(MATERIAL SHOWN Opens)
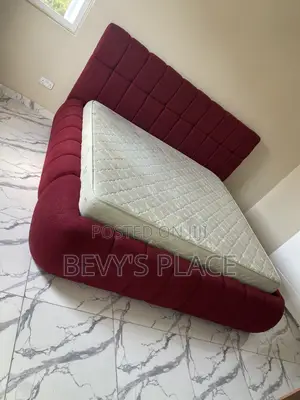 Bubble Bedframe King Size
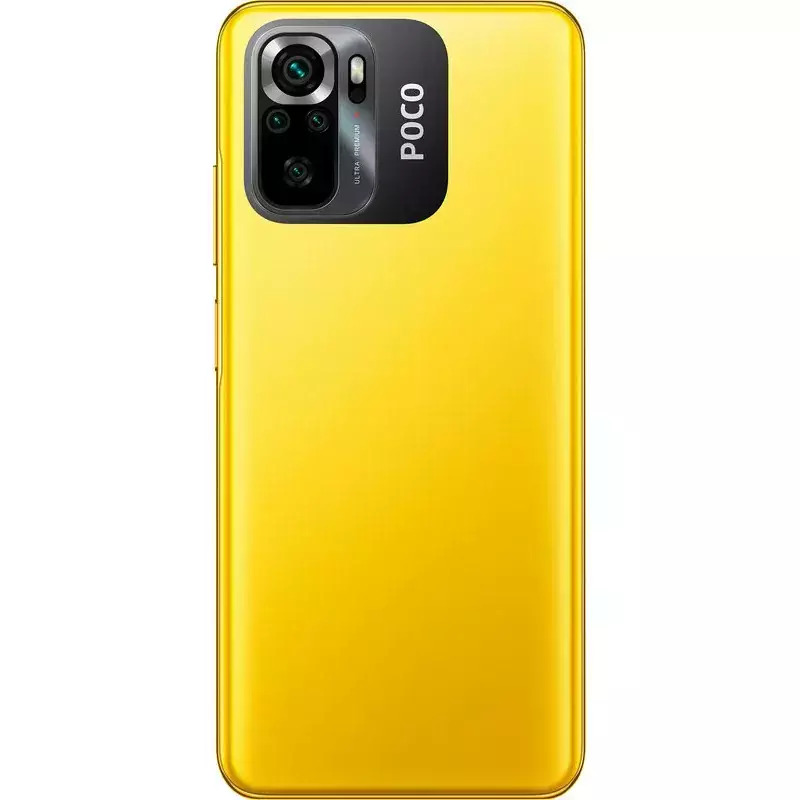 Xiaomi Poco M5s Dual Sim 6gb128gb Κίτρινο Skroutzgr 7951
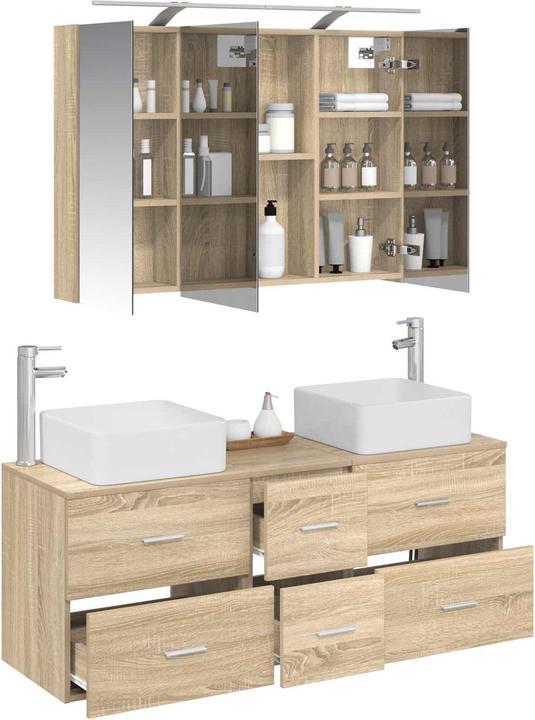 Produktbild vidaXL Möbelset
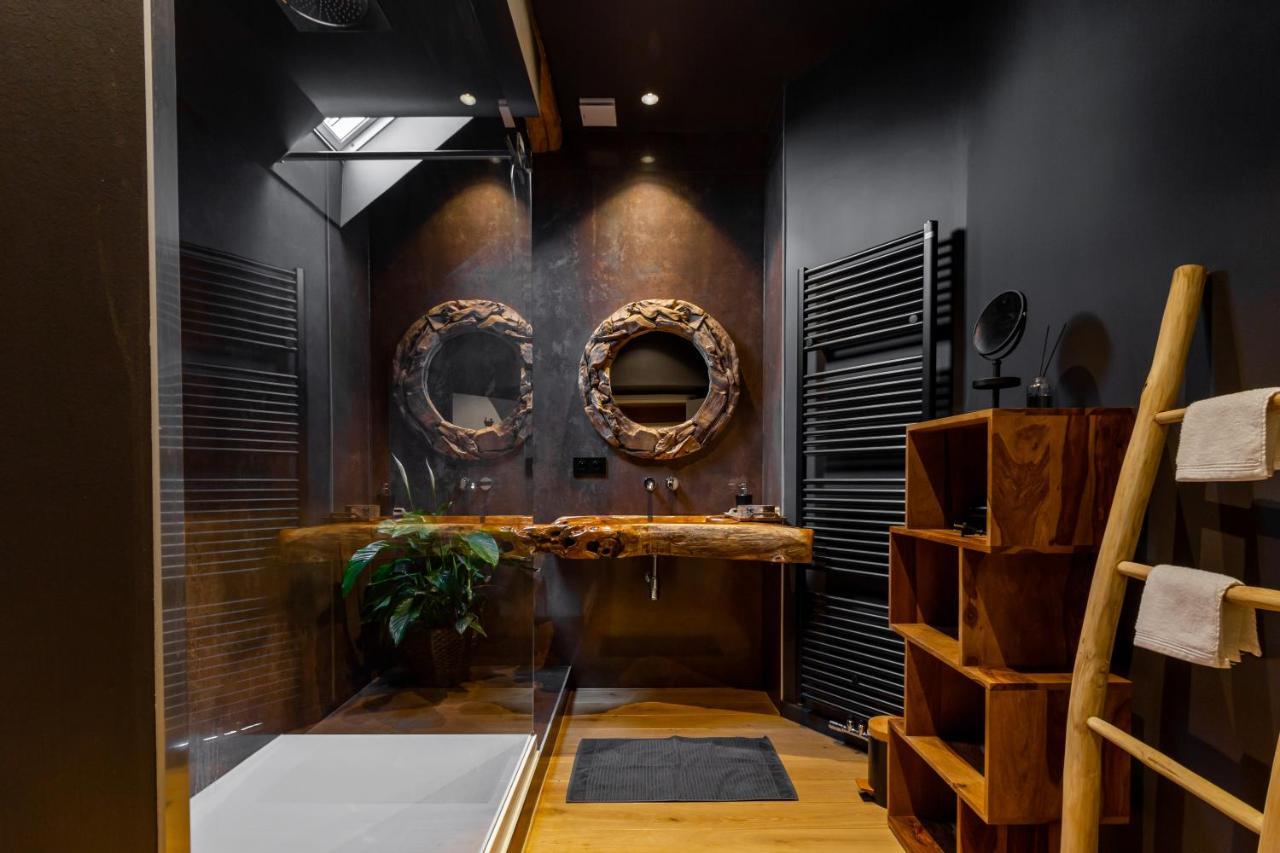 A La Source De Lavis Bed & Breakfast Houyet Bagian luar foto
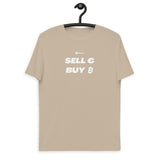 21bitcoin Men's Organic Cotton T-Shirt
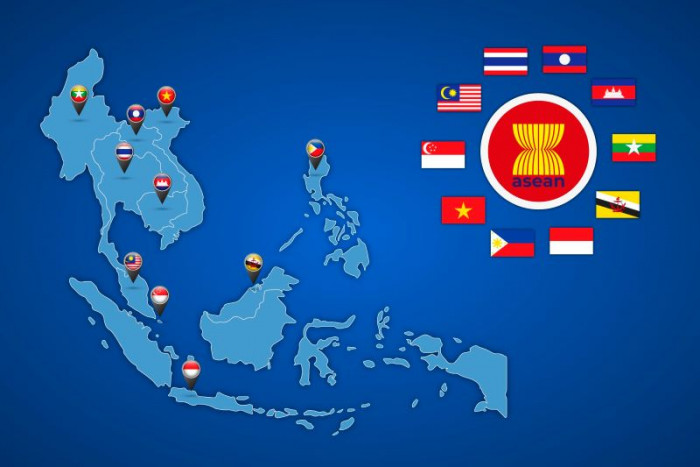 Batas Wilayah ASEAN Berdasarkan Letak Geografis dan Astronomis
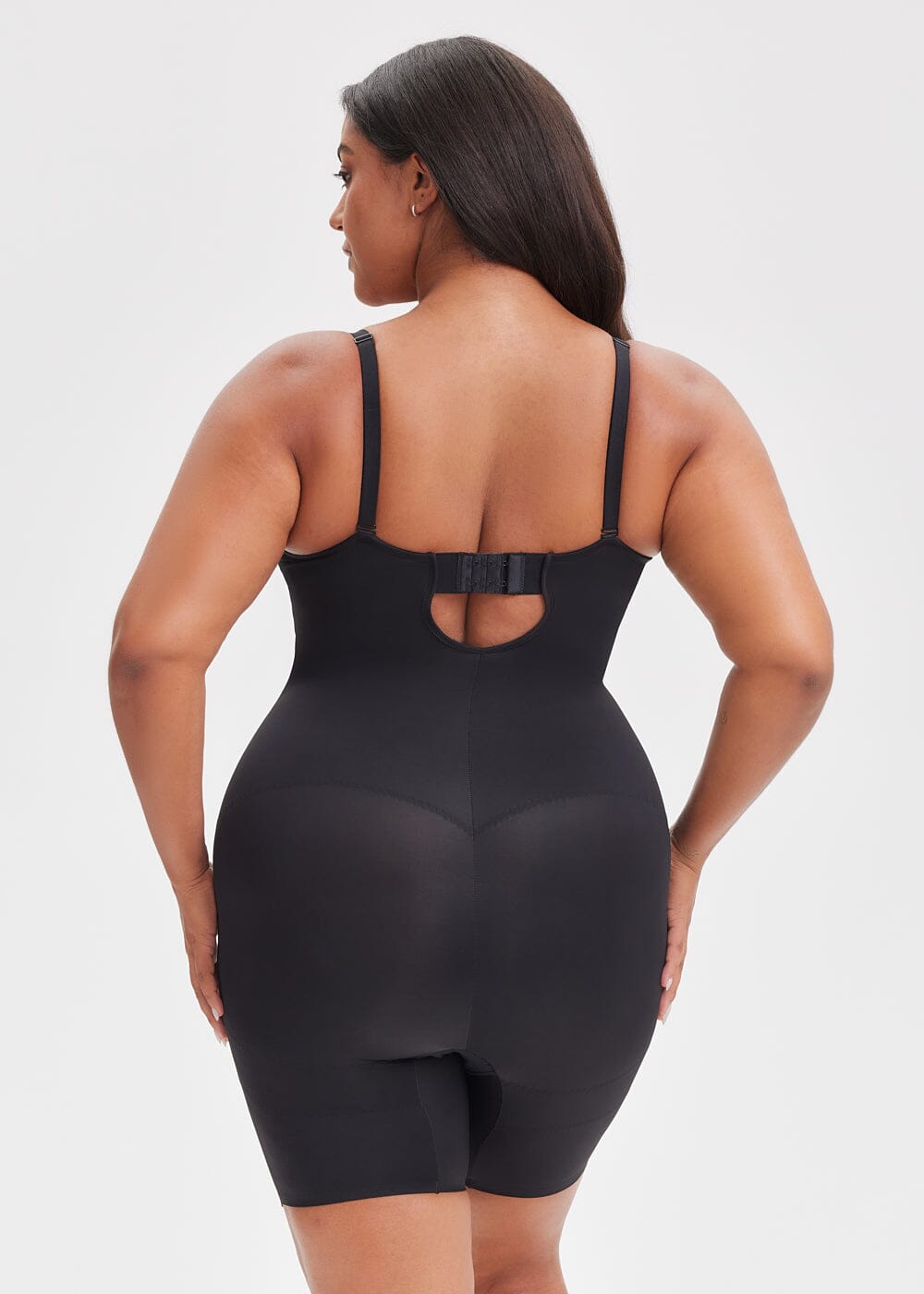 Shorts Modelador com Alças Removíveis - Perfect Silhouette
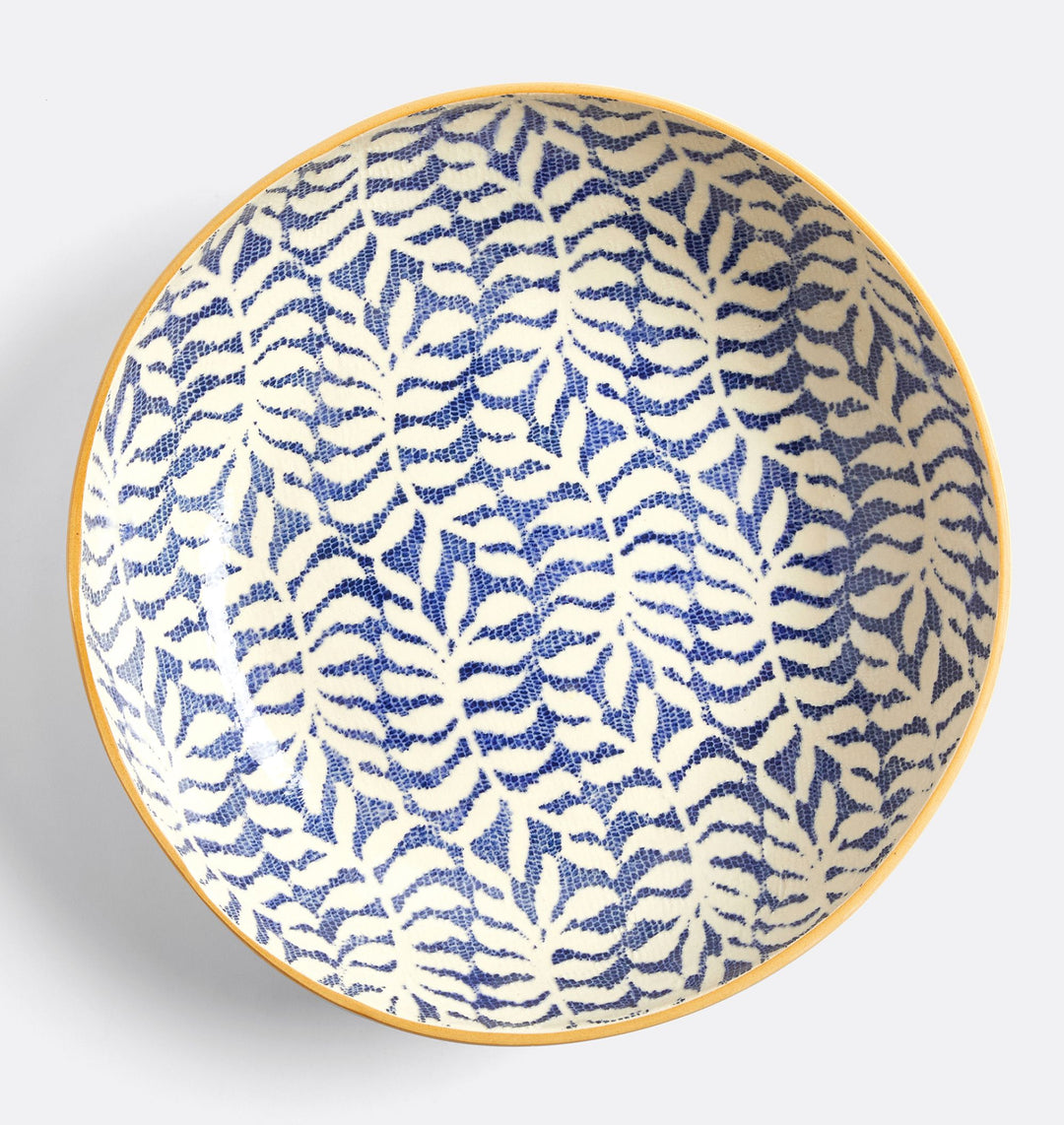 Fern Cobalt Super Bowl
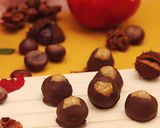 Foto do passo 1 de Trufas de Castanha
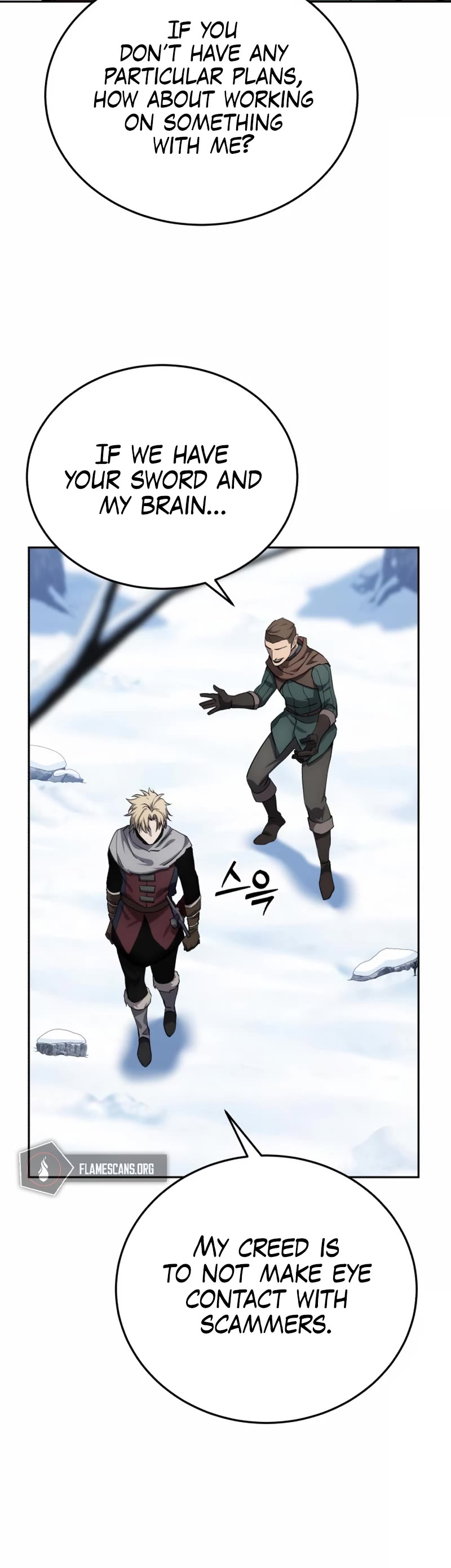 Star-Fostered Swordmaster Chapter 7 page 5 - Chapter 7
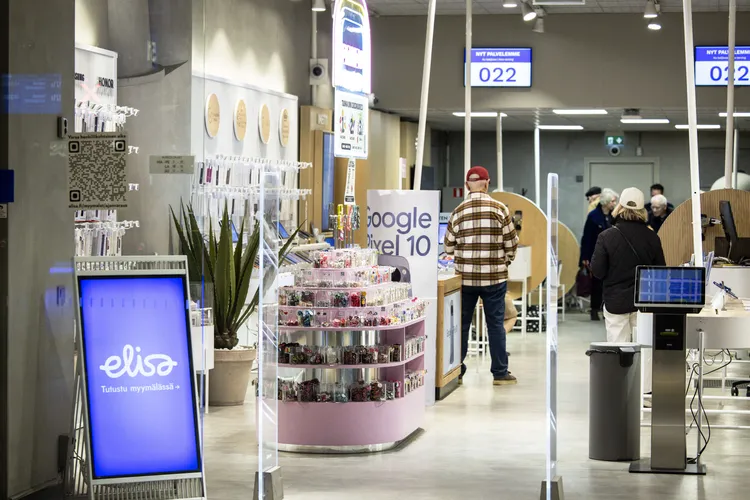Elisan tulos alitti ennusteen – Google-sopimus vauhdittaa ...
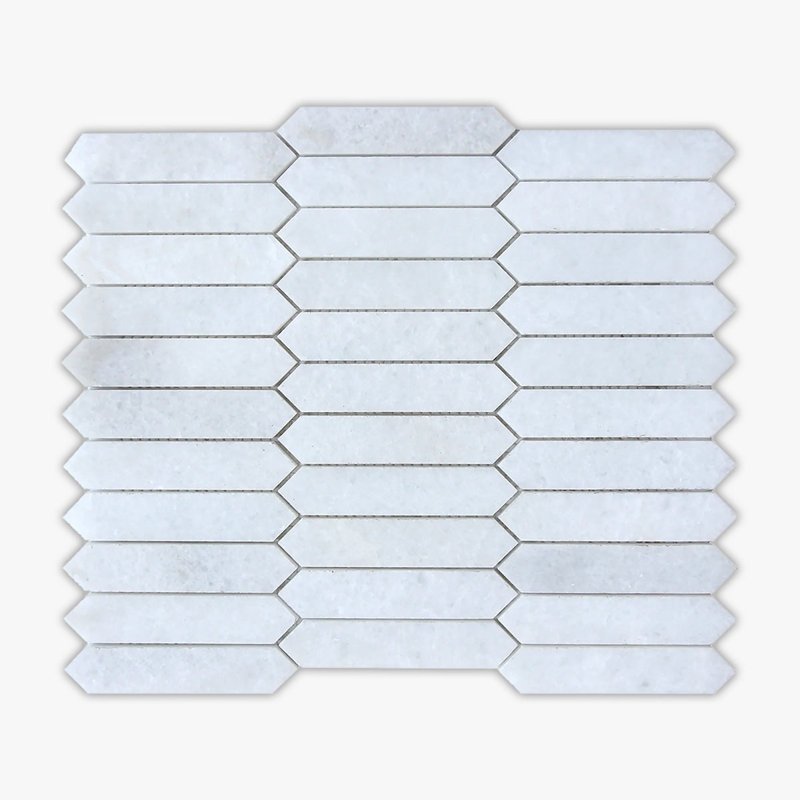 W x L Marble Tile Mosaic Sheet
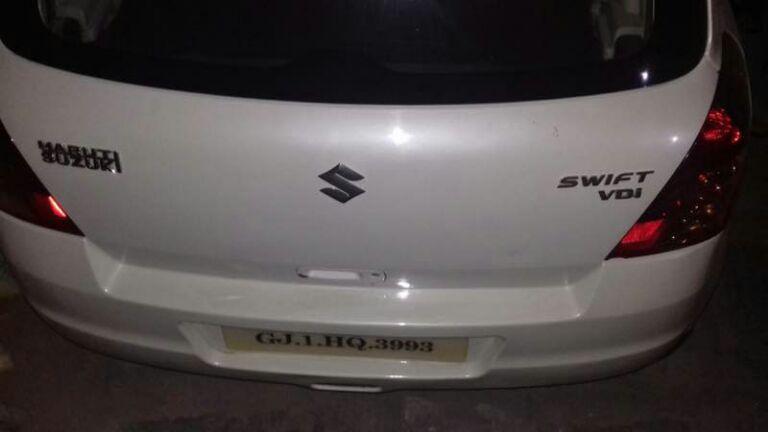 Maruti Suzuki Swift VDi 2008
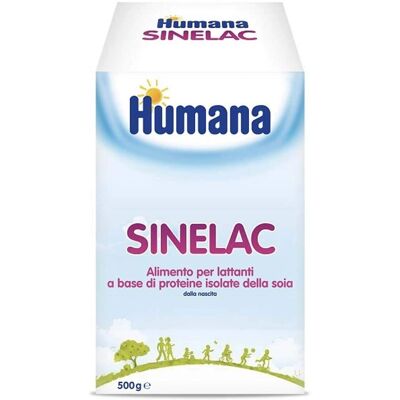 Humana Sinelac Probalance - Latte per allergie infantili Humana Sinelac Probalance - Latte per allergie infantili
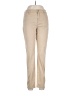 Chaps Solid Tan Khakis Size 6 - photo 1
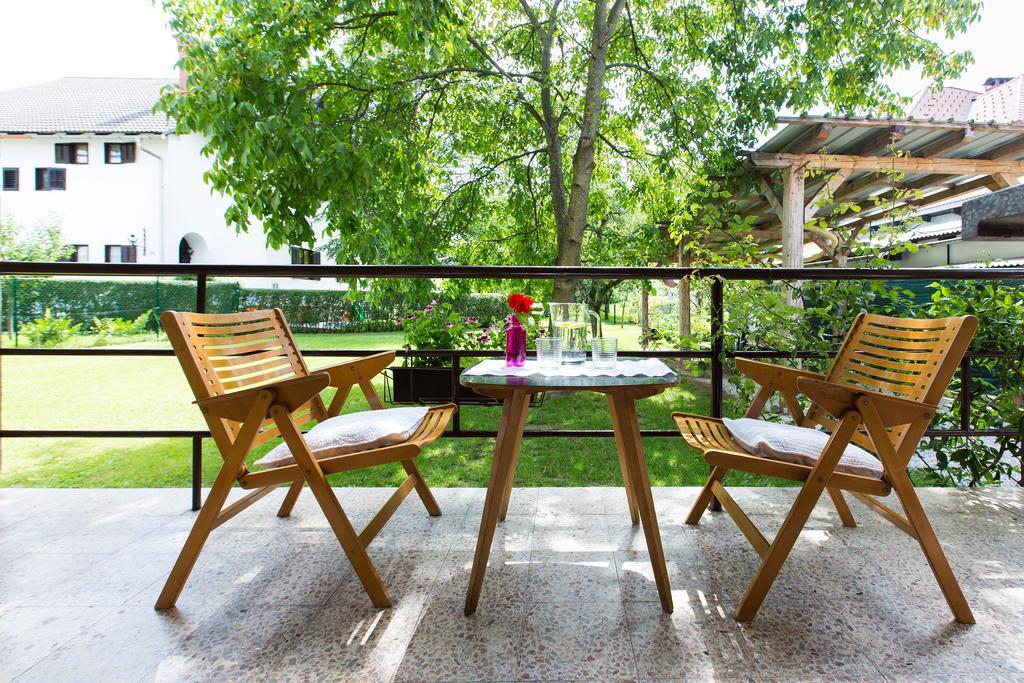 Apartmaji Koman Блед Номер фото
(MATERIAL SHOWN Closes)
» THE PROBLEM:
Every line from the one bearing "Chaps Solid Tan Khakis Size 6 - photo 1" through the end of the data above must be output exactly, and no picture may appear.

» RESULT OF THE TASK:
 Chaps Solid Tan Khakis Size 6 - photo 1
 Apartmaji Koman Блед Номер фото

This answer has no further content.